Among the freed tourists on Friday was Angela Ramirez, a 28-year-old woman from Trujillo, Peru. She told CNN in a phone call that around 20 foreigners and dozens of local travelers were held on boats along the Marañon river in Cuninico by the indigenous community.

She said we were all freed at approximately 2 p.m. local time (3 p.m. ET) and were headed towards the town of Nauta, in the Loreto province, in the upcoming hours.

“We hope to arrive there tomorrow morning; we had to change boat because the boat we were traveling with remains detained by the indigenous groups, but we were allowed to leave on another vessel,” Ramirez said.
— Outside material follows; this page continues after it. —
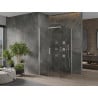 Mexen Omega плъзгаща се душ кабина 100 x 100 см, прозрачно, хром - 825-100-100-01-00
Their release came after more than 28 hours of negotiations, she said. “Finally it’s over, I am very happy, very relieved,” she told CNN.

Ramirez was traveling with a group of tourists consisting of women, children, and foreigners. She added among the passengers “were children, including a month-old baby, pregnant women and the elderly.”

On Friday, Peru’s vice minister for the environment, Marilu Chahua, traveled to the area to mediate with the indigenous groups who have been protesting against an oil spill along the Marañon river for almost two months.

The government announced the expansion of an environmental emergency decree to address the oil spill and persuade the indigenous groups to release the tourists.